The equipment deployed in ATIS projects has varying levels of staffing and training requirements. The hardware and software associated with such projects also require varying levels of support. Staff from the five ATIS projects evaluated noted the following staffing and training issues.
- When developing staffing plans, consider any additional workload anticipated by the use of new ATIS devices. While ATIS devices can reduce some staff activities by automating data collection and device updating procedures, other activities can expand. Staffing for all components of the device operation process should be reviewed when new ATIS devices are being planned; this includes device operations staff, hardware and software support staff, and staff that manage field communications with maintenance and public safety agencies. For example, some participants noted increase in Internet usage and general communications (both person-to-person and person-to-device) following implementation. This required the hiring of additional technical personnel to handle both the communications themselves (e.g., radio and computer operators) and maintenance support for communications devices and networks. Note also that changing staff needs can arise from inherent changes in staffing requirements (e.g., a shift from manual device updating by maintenance staff to remote device updating by operators) and/or from increased demand for traveler information services produced by the new ATIS devices.

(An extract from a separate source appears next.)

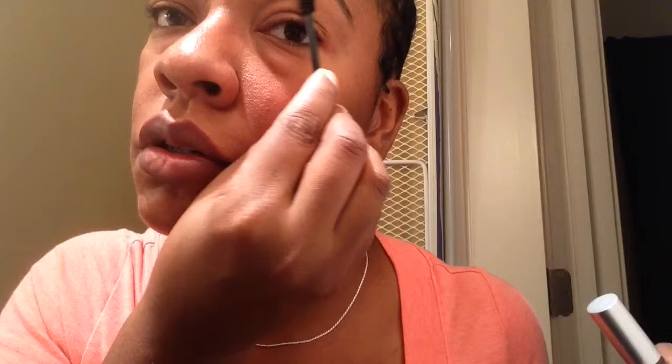Okay, let me use this spoolie because it's looking a little crazy. Look at it — they don't even look the same, y'all. Now, your brows aren't supposed to be perfect, but they need some type of uniformity. This right here — I don't know how I feel about this. Okay, I think we're getting somewhere where we need to be.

- When developing staff training programs, consider both present and future training requirements. While vendors might offer training after first installing equipment, there is also a need to consider future training needs as staff turnover occurs, additional staff is hired, or device use expands (e.g., initial weekday peak period use expands to become a responsibility of weekend or night crews). This is often managed on an informal basis but can also be performed with vendor support.

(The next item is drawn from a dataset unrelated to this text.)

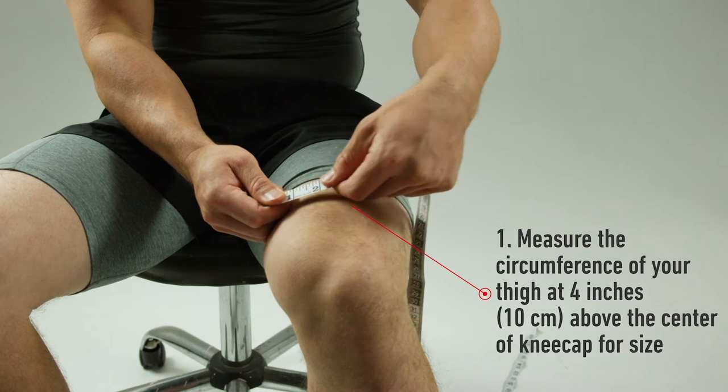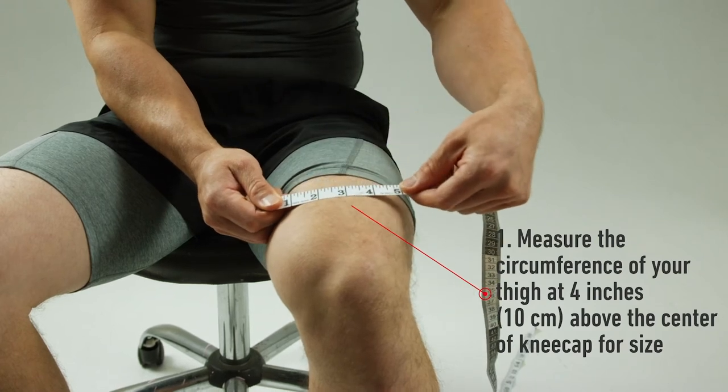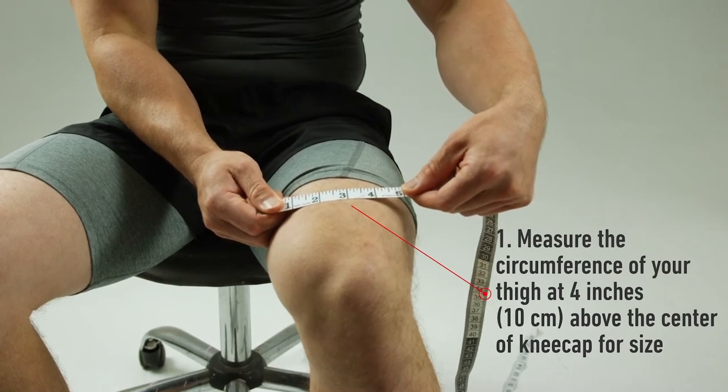To select your size, measure the circumference of the thigh at 4 inches or 10 centimeters above the center of your kneecap.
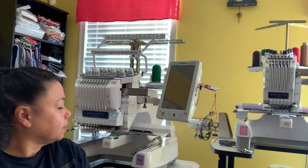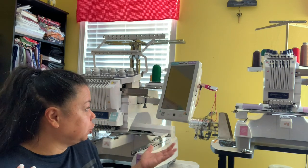Now let's walk over and talk about the multi-needle machine. I'm going to turn the camera around so you guys can see it.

- Consider prior baseline conditions when assessing staffing and training requirements. Most of the comments received regarding staffing and training were associated with one of the rural ATIS projects, in which the new systems implemented represented a significant upgrade in traveler information capabilities. In those situations, there was a significant increase in technology deployment from the baseline system (and therefore a growth in associated staff and support needs). This is in contrast to the support and staffing changes associated with an upgrade to an urban system in which the baseline situation might already offer significant levels of staffing and support.

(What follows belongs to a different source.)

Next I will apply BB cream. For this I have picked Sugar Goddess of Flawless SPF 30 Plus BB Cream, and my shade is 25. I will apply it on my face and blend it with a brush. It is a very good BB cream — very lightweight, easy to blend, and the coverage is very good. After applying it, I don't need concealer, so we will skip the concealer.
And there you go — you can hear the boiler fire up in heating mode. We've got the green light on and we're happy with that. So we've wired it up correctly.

These experiences show that it is important to consider how implementing an ATIS system will impact staffing and training requirements. Due to the use of new ATIS devices, additional staff hours and the potential need for new staff needs to be taken into account, and staff training may be needed at both the beginning of and during ATIS implementation. Furthermore, additional staffing and training may depend on an agency's baseline conditions prior to ATIS implantation. With proper and timely staff training, staff should be more productive and efficient in their work. With vendor support of staff training, the transportation agency is the satisfied customer.